Fluorinated branched polymer enables Ce6 and IR780 more effective for phototherapy

Abstract

AbstractPhototherapy is gradually becoming a primary technique for treating tumors due to increased efficacy and less side effects. It largely depends on the photosensitizers. Nevertheless, most of photosensitizers show poor stability, how to encapsulate or load them, especially multiple ones, for effective delivery is of paramount importance. To address the challenge, a hyperbranched polymer was prepared by a reversible addition‐fragmentation chain transfer polymerization, which is composed of 2,2,3,3‐Tetrafluoropropyl methacrylate (TFPMA), bis(2‐methacryloyl)oxyethyl disulfide (DSDMA) and poly(oligo ethylene glycol) methyl ether methacrylate (PEGMA).

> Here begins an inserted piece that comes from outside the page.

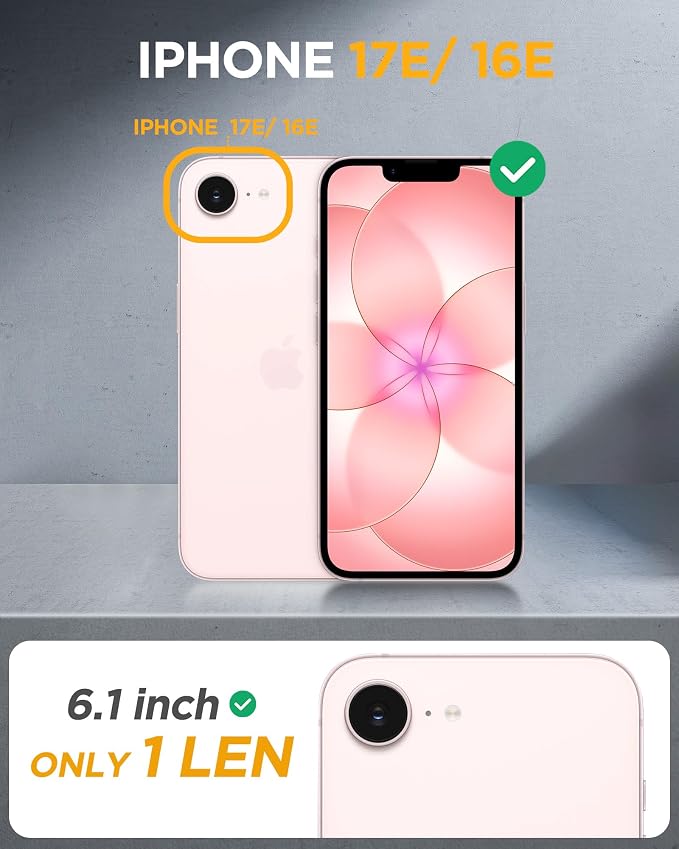 miracase for iPhone 17e & 16e Case with Built-in Private Screen Protector, [Magnetic with MagSafe] Full-Body Phone Cover Military Drop Proof 17 E/ 16 E Bumper 6.1 inch, Pink - Image 7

Benefiting from hydrophobic performance of fluorinated segments, this hyperbranched polymers can load hydrophobic IR780 (9%) and Ce6 (12%) due to self‐assembly and hydrophobic‐hydrophobic interaction. The final formed composite micelles showed good water dispersity, well biocompatibility, and strong stability. Remarkably, they had good photodynamic and photothemal abilities, enabling them to synergistically induce tumor cell apoptosis by oxidative damage and thermal ablation. This work offers a promising composites and strategy for loading photosensitizers stably and effectively towards cancer therapy.